◆ EXERCISE
If a line below falls between the line with "This One Superfood" and the line with "Xuat hien vet", or is one of those two, output it exactly; output nothing else and no pictures.

◆ THE INPUT

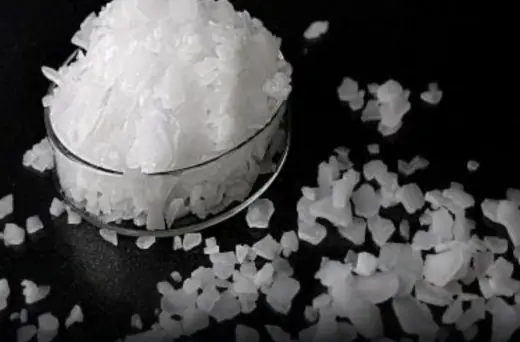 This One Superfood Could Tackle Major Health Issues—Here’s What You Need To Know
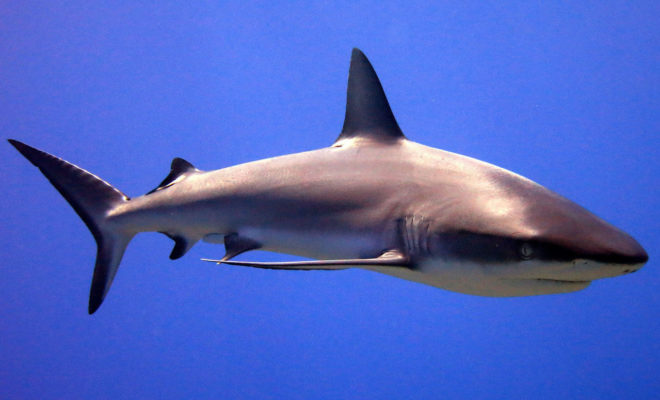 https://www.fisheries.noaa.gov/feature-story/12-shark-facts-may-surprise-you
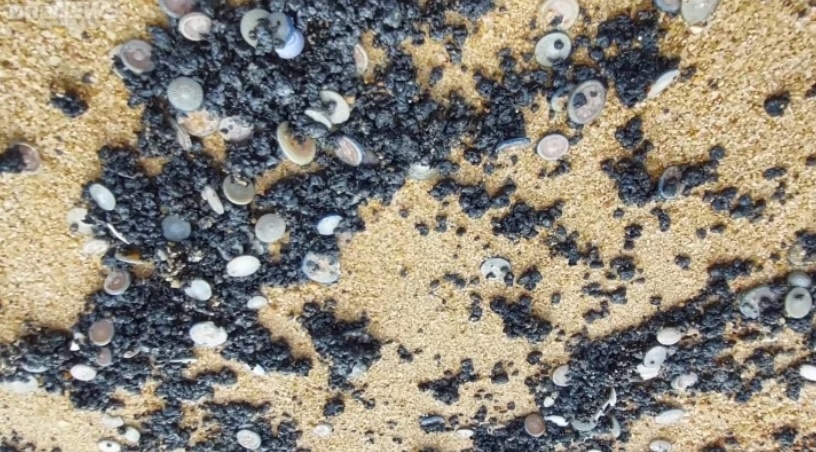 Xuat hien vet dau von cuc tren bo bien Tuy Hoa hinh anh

--

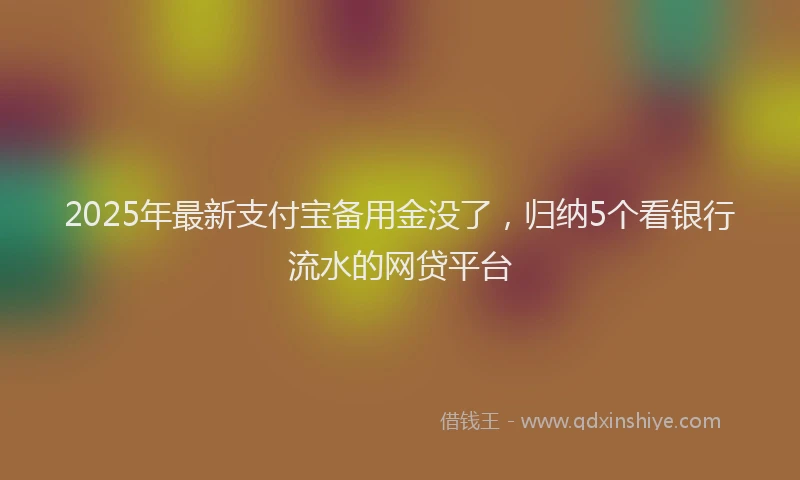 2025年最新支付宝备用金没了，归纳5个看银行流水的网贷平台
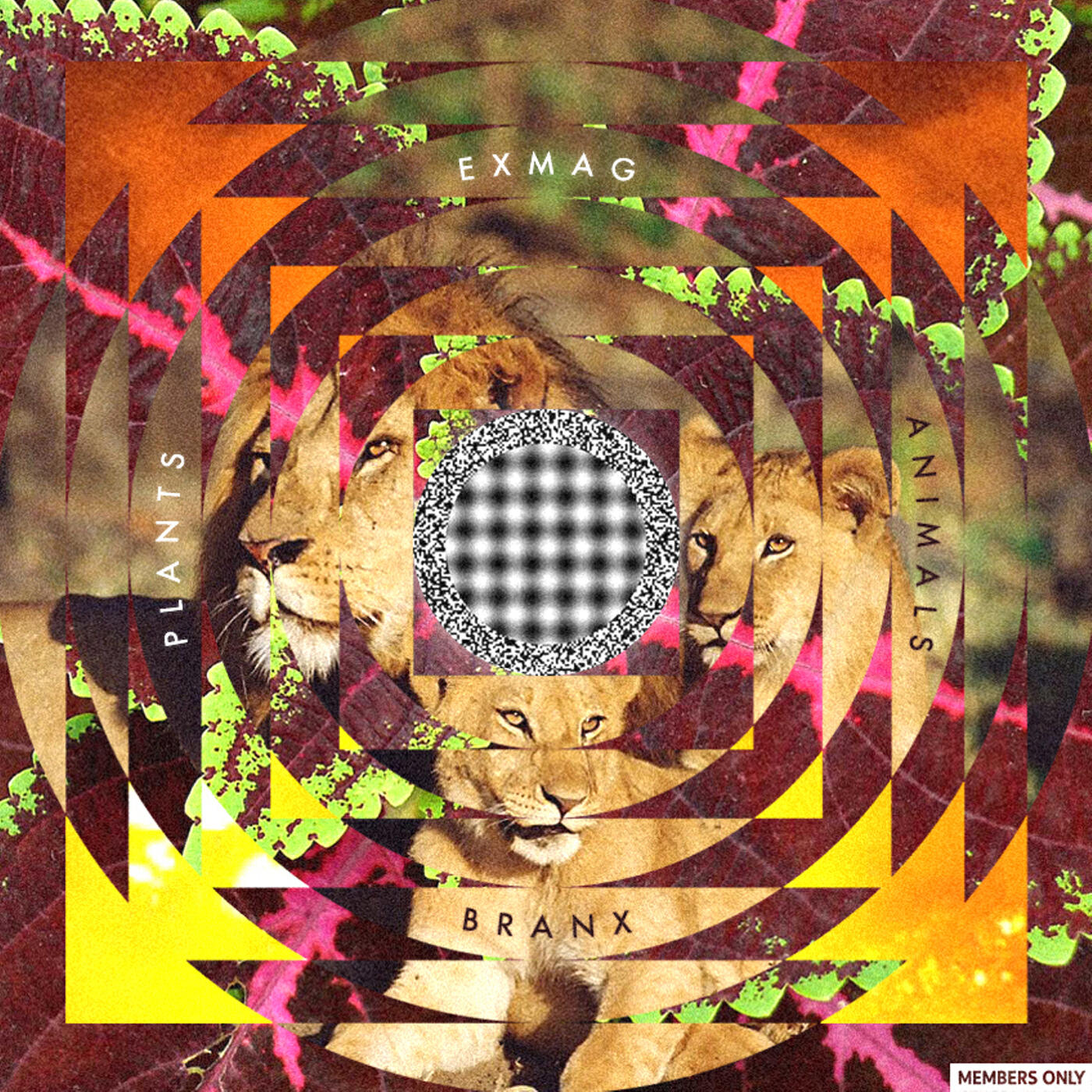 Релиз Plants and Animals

◆ EXERCISE RESPONSE
 This One Superfood Could Tackle Major Health Issues—Here’s What You Need To Know
 https://www.fisheries.noaa.gov/feature-story/12-shark-facts-may-surprise-you
 Xuat hien vet dau von cuc tren bo bien Tuy Hoa hinh anh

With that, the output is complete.